Am Morgen des Donnerstags wurde das anvisierte Hauptarbeitsgebiet der Polarstern-Fahrt erreicht: die Bucht vor der Gletscherfront des 79-Grad-Nord-Gletschers. Der Gletscher ergießt sich hier auf einer Breite von ungefähr 30km zwischen den Inseln „Lambert Land“ und „Hovgaard Ø“ ins Meer. Ein paar kleinere vorgelagerte Inseln führen dazu, dass sich die Eismassen über diese Felsen schieben und beeindruckende Eisstrukturen bilden. Die Ozeanografen an Bord erkunden hier anhand von Temperatur, Salzgehalt und Druck die Schichtung der Wassermassen und anhand gemessener Strömungen, wie diese sich verteilen und vermischen. Dazu liefert die Bathymetrie ein detailliertes Bild der Meeresbodentopografie. Die unmittelbare Lage des Schiffes vor der Gletscherfront bringt uns auch in den Genuss kalter abfließender Gletscherwinde, die morgens Temperaturen von bis zu -17°C bescheren.
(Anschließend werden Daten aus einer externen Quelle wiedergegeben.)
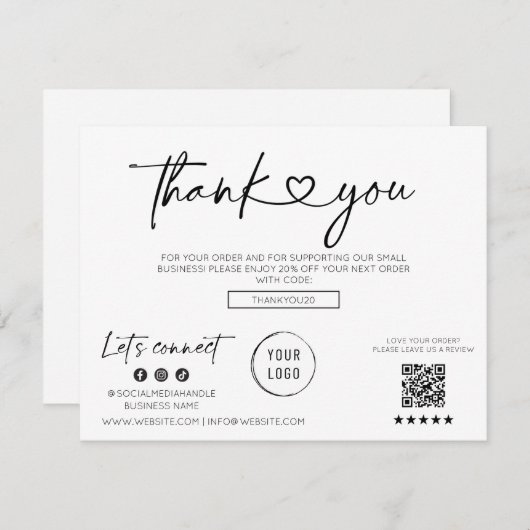 Modern Script Business Heart Font Dank u Kaart (Voorkant / Achterkant)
Leider sorgt seitdem eine tiefstehende und hochvariable Wolkendecke in Verbindung mit Nebel für eingeschränkten Flugbetrieb. Kurze Wolkenlücken werden für Wetter- und Eiserkundungsflüge in der unmittelbaren Schiffsumgebung genutzt. Unsere auf dem Festland befindlichen GNSS-Punkte sind allerdings derzeit nicht erreichbar. In der Hoffnung auf besseres Flugwetter verbleiben wir für diese Woche mit herzlichen Grüßen,
Susanne und Christoph
Der zurückliegende Montag begrüßte uns mit moderaten -6°C am Morgen und jeder Menge dichten Nebels. Der Grund dafür war zunehmend wärmerer Wind aus südlicher Richtung. Leichter Schneefall machte die Umgebung zu einem grauweißen Gemisch. Wenn jegliche Kontraste fehlen und zudem weder Sonne noch Horizont zu erkennen sind, wird die Orientierung zur Herausforderung. Der beste Platz auf dem Schiff ist da die Brücke. Dort können Fahrtrichtung, Geschwindigkeit und Position des Schiffes einer Vielzahl von Bildschirmen und Anzeigen entnommen werden und man fühlt sich nicht mehr ganz so verloren.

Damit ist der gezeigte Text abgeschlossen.